Те в угол забились, никакого понятия о состоянии оружия не имеют, плачут:

– Филя, прости, – стелется тёща. – Видит Бог, случайно я тебя задела. Прости!

Филя помолчал:

– Прощу, но самогонку сюда. Куда вы обе?! Симка, одна иди, а тёща-матушка в заложниках будет. Стаканы неси, три, и закуску.

Серафима все принесла, Филимон налил по полному стакану каждому:

– Давайте, девоньки, со Днём Победы!

– Филя! – взмолилась тёща. – У меня печень!

Филимон за ружье:

– Пей, иначе пристрелю, и суд меня оправдат, потому как в День Победы!
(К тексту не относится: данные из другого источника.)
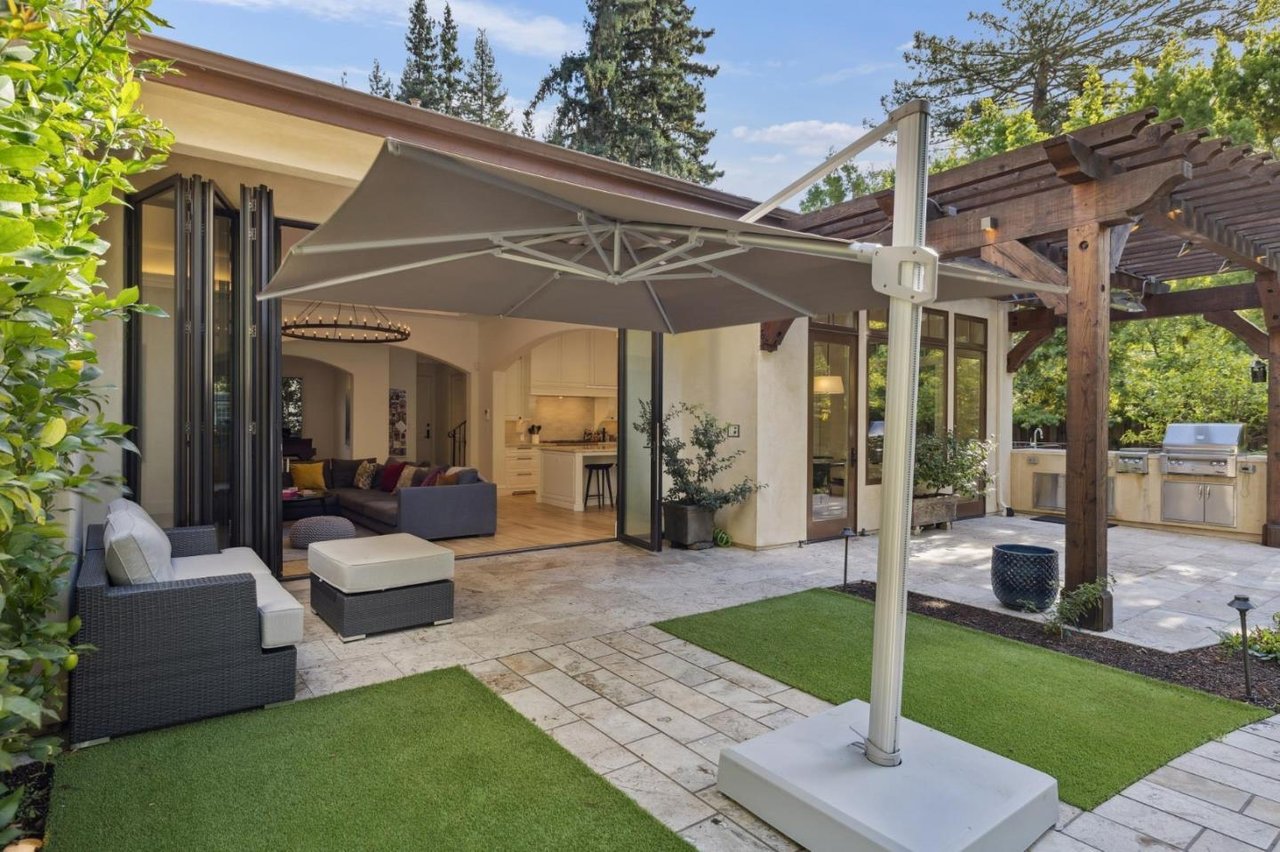 1325 Garden Lane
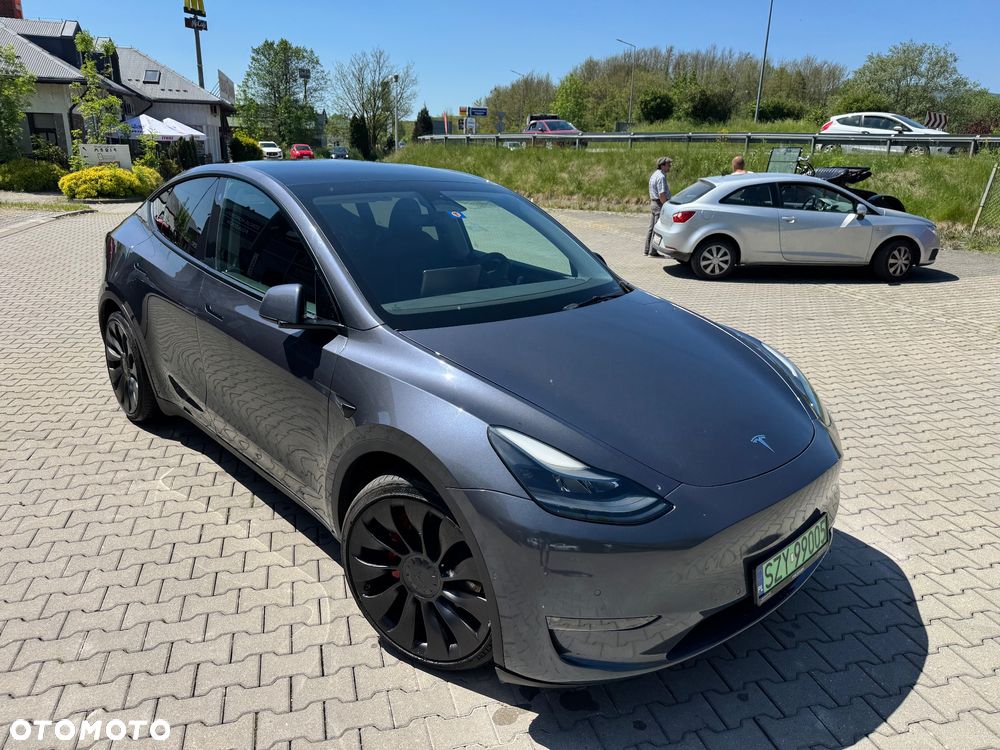 Tesla Model Y Performance Dual Motor AWD - 5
По одной выпили, он по второй наливает, опять слезы и угрозы. А уже через полчаса из Филимоновского дома дубасили песни на три фальшивых голоса, и никто даже предположить не мог, что мужик и на этот раз пострадает. Угрозы тёще и жене суд под дружный хохот деревни простил, но Серафиму оштрафовал за самогон, а Филимона за незаконное хранение оружия, хотя известный охотник Ким по прозвищу Картеча, которому суд предложил осмотреть ружье, засмеялся и сказал, что это не ружье, а хлам, и рук своих охотничьих он об него марать не станет.

Непьющий человек не имеет права осуждать пьющего, только тот, кто знает, что такое полный стакан водки, стоящий утром на табуретке у твоей кровати. Стакан, оставленный от вчерашнего изобилия, потому что повезло, была хорошая халтура, и много дали водки, хоть и палёной. Так вот только тот человек, кто знает цену этому стакану, и может упрекнуть. Но он не упрекнёт, потому что знает. Выходит, никто не должен, никто не имеет права.

К этому заключению Филя подошёл только недавно, когда никто не стал вмешиваться в его жизнь, он жил, как птица из писания, которая не сеет и не пашет, но сытой бывает. Никто не гнал и не позорил его, как было при совхозе. О, Филя прошёл все испытания, придуманные советской властью для пьющего человека: от обсуждения на собраниях и заседаниях месткома, когда люди, ещё утром бывшие простыми, как медный пятак, за столом профкома приобретали образ праведников и судей, взывали к совести, грозили увольнением и лишением тринадцатой зарплаты, до принудительного лечения в так называемом ЛТП при кирпичном заводе и вершины медицинской мысли: рыгаловки в широко известной лечебнице Челябинска. Хотя он всегда говорил:

– Вам не понять. Я не водку покупаю, а настроение.